● **Instructions for the task**
From the records below, return every line containing the word "with".

● **Given data**
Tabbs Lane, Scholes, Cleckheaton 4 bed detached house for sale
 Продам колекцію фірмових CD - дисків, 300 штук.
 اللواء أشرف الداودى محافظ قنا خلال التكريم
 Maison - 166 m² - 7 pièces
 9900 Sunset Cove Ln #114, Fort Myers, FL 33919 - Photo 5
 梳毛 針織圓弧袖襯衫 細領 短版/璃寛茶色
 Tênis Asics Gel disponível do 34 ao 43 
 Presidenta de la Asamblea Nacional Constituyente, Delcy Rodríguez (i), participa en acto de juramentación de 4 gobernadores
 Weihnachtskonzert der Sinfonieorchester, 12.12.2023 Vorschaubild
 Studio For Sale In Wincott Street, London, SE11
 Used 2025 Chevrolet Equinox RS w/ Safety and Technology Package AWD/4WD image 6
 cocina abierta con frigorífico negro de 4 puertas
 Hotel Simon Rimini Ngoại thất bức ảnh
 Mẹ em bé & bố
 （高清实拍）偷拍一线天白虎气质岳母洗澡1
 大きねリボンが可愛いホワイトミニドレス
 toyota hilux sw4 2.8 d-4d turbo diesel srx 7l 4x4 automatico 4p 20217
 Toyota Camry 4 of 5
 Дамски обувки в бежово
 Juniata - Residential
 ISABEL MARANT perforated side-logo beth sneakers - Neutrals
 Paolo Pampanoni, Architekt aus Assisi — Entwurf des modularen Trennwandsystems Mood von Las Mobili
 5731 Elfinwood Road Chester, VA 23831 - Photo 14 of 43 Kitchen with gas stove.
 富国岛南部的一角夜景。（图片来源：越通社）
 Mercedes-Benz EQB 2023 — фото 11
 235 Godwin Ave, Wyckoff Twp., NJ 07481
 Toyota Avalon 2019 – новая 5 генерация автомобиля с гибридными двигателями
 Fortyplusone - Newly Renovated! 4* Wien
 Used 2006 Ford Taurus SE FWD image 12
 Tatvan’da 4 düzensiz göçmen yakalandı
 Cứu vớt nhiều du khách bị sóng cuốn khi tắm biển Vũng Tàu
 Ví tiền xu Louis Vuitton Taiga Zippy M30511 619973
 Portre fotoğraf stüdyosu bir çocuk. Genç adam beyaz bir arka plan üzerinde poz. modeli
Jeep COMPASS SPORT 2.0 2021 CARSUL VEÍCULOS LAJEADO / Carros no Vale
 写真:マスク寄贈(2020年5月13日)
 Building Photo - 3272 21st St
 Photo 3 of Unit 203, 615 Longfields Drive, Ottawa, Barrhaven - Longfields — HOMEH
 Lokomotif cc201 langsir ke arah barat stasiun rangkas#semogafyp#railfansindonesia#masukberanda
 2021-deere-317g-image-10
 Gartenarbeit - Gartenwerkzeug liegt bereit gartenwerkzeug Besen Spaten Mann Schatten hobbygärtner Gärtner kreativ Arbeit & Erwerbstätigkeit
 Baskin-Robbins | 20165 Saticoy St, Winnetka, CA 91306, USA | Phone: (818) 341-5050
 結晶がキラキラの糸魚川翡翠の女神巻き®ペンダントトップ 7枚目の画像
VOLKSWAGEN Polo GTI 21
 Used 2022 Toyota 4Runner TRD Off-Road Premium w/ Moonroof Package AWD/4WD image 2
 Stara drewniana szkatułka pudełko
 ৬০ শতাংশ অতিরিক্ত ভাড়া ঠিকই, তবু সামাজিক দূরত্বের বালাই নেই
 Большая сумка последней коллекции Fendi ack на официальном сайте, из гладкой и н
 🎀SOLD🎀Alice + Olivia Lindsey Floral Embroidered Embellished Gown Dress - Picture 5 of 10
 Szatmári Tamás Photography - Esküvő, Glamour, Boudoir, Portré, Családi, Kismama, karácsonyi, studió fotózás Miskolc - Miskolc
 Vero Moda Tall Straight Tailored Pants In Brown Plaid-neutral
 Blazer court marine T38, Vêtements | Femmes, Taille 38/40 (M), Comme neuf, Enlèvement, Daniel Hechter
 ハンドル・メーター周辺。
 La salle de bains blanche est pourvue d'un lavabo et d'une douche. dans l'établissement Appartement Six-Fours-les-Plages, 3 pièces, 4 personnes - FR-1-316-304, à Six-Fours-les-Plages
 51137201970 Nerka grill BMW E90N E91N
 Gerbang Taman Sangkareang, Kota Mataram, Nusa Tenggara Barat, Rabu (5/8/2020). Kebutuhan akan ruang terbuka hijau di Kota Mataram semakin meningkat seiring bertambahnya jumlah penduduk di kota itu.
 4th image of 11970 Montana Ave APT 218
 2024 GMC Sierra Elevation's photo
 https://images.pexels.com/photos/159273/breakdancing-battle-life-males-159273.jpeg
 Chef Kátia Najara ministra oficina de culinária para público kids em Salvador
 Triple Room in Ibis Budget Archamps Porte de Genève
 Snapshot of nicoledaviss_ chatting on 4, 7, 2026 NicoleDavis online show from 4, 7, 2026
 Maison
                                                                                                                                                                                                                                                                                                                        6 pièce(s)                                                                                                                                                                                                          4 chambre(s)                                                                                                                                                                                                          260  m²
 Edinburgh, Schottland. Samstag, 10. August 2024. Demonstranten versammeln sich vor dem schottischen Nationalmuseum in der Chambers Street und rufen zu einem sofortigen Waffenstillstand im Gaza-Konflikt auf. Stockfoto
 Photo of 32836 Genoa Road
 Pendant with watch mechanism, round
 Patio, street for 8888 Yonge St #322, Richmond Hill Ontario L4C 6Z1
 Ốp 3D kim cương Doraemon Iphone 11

● **Answer for the task**
 5731 Elfinwood Road Chester, VA 23831 - Photo 14 of 43 Kitchen with gas stove.
 Pendant with watch mechanism, round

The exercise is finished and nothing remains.